I would say that interacting with the physical world/people is much richer and more fulfilling than social media (or any other media). Being aware of 'the world & big matters' does not make a person good or interesting. What really matters is not what media a person consumes (or does not consume), but what they do.


You can certainly hear about a lot of things on social media, but I don’t think reading a bunch of underinformed, overangry people fire memes, half-truths, and occasional outright lies back and forth constitutes facing anything in any meaningful way, nor will it make any difference in the world.


The issue is the knowledge of bad things you cant change and wont impact your behavior at all just makes you informed and miserable.

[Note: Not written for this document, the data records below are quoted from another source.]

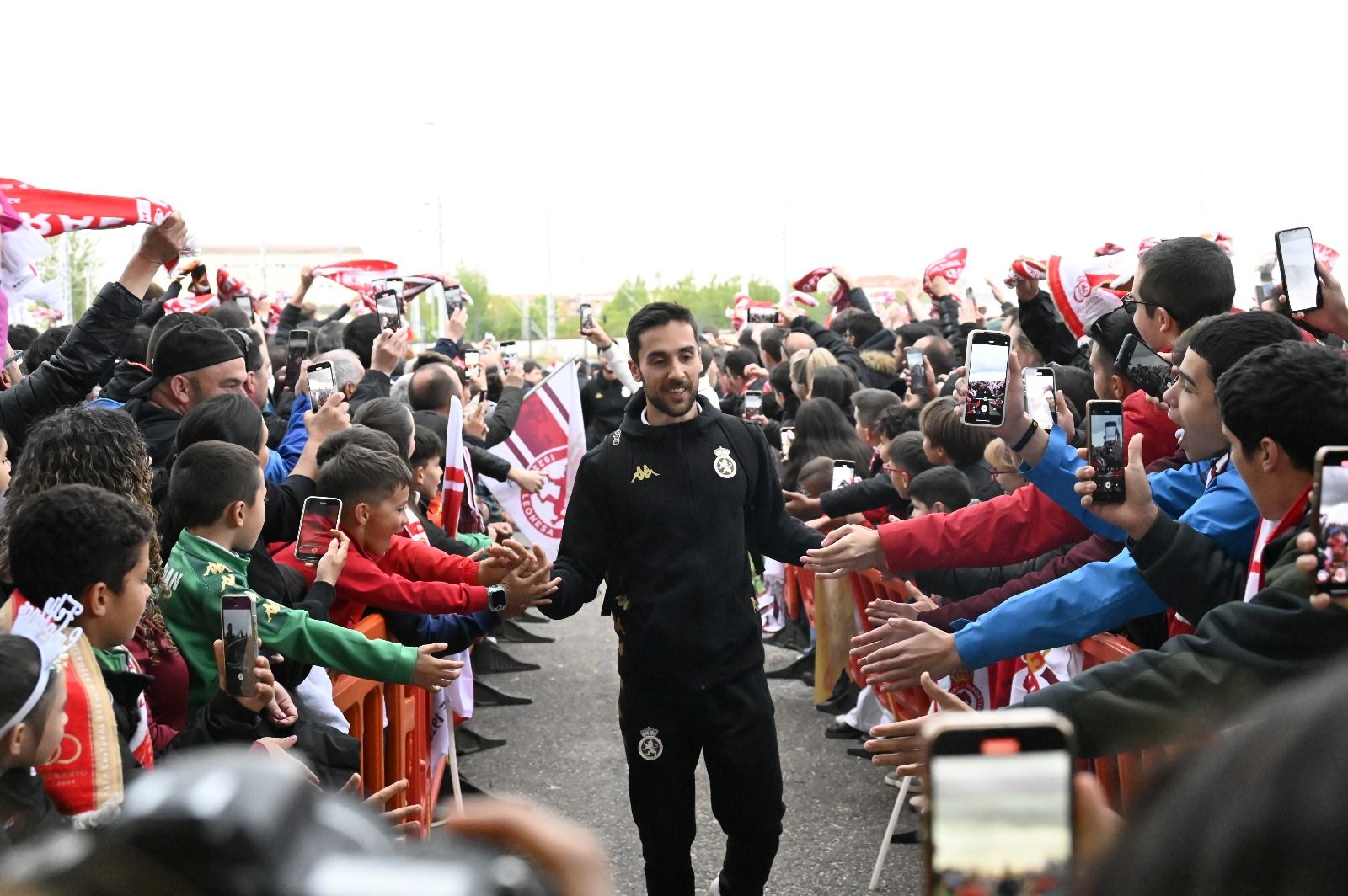 Recibimiento a los jugadores de la Cultural. | SAÚL ARÉN Recibimiento a los jugadores de la Cultural. | SAÚL ARÉN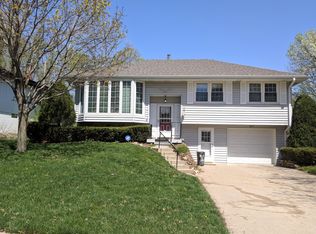 5617 N 96th St, Omaha, NE 68134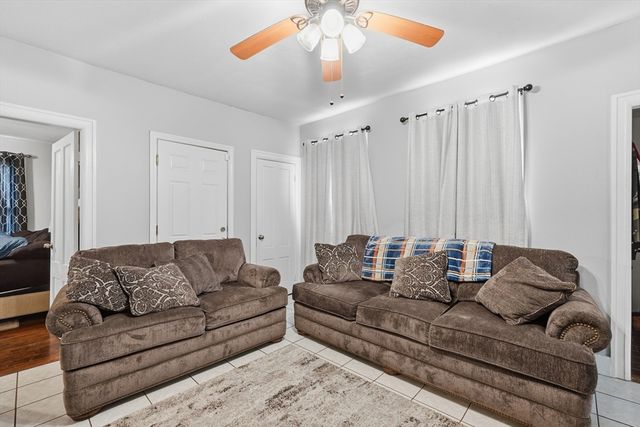 25 East St, Grafton, MA 01536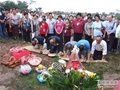 万里寻根回清远 百人拜祭凤台墓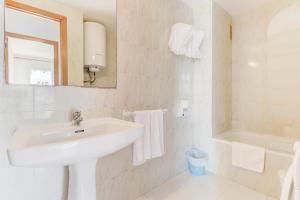 Kúpeľňa v ubytovaní Apartamentos Llevant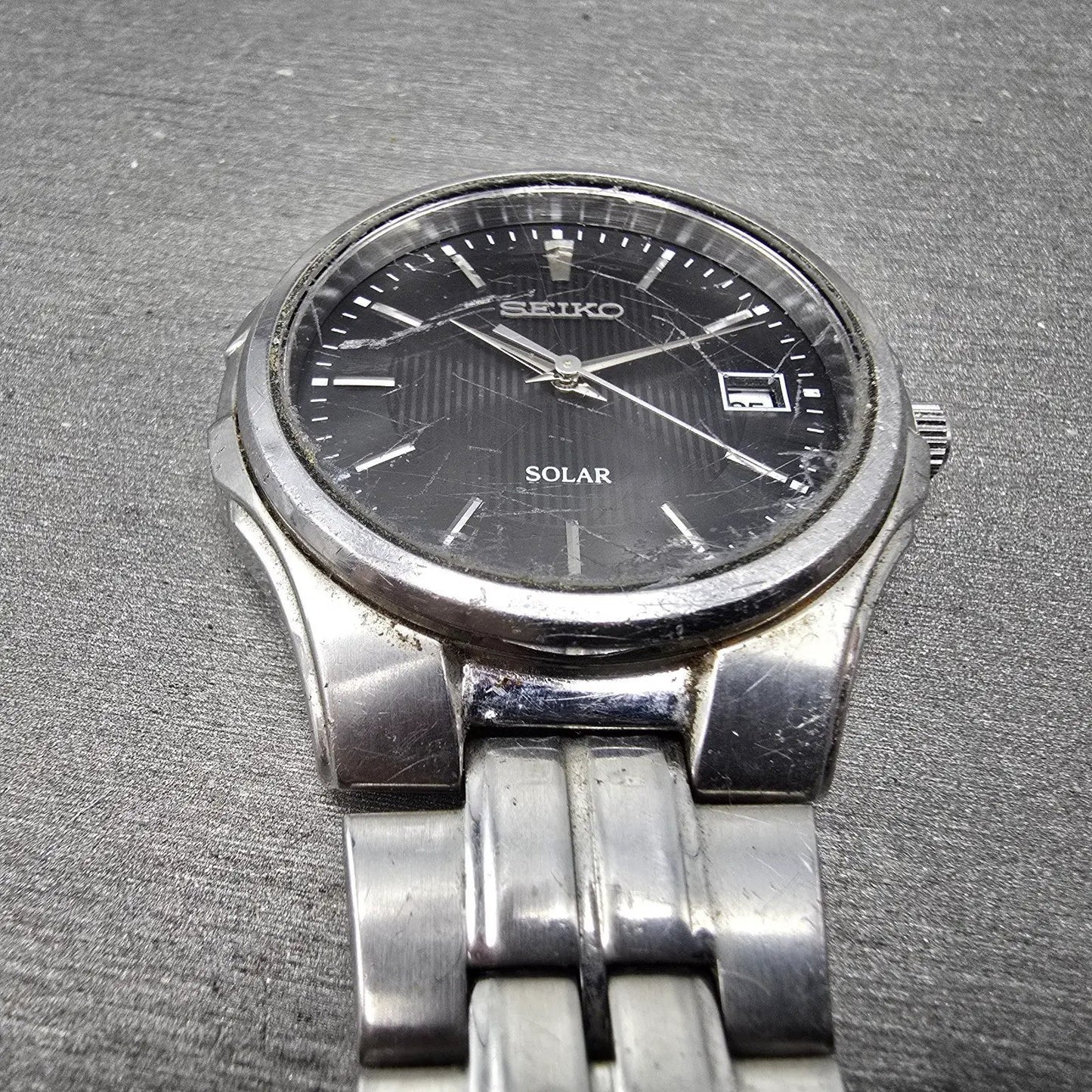 Seiko Solar Watch Men 38mm Black Dial Silver Tone Date READ!!!!!! V157-0AG0 Runs2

Being informed is not a universal good, more is not always better. Should have a personal cost/benefit calculation, “is it worth it to be this informed?” Etc.


I think the nuance here might be in keeping your head still in the general news of the world but avoiding the things that cause "tribal syndrome" or anything with "keeping up with the joneses".


if you decide to experience the entire world, all the time, there's no respite from the awful. the human mind just isn't capable of handling that well.


Picture an individual doom-scrolling through their feed, feeling empowered by their knowledge. Can you see it? Poof. You wake up.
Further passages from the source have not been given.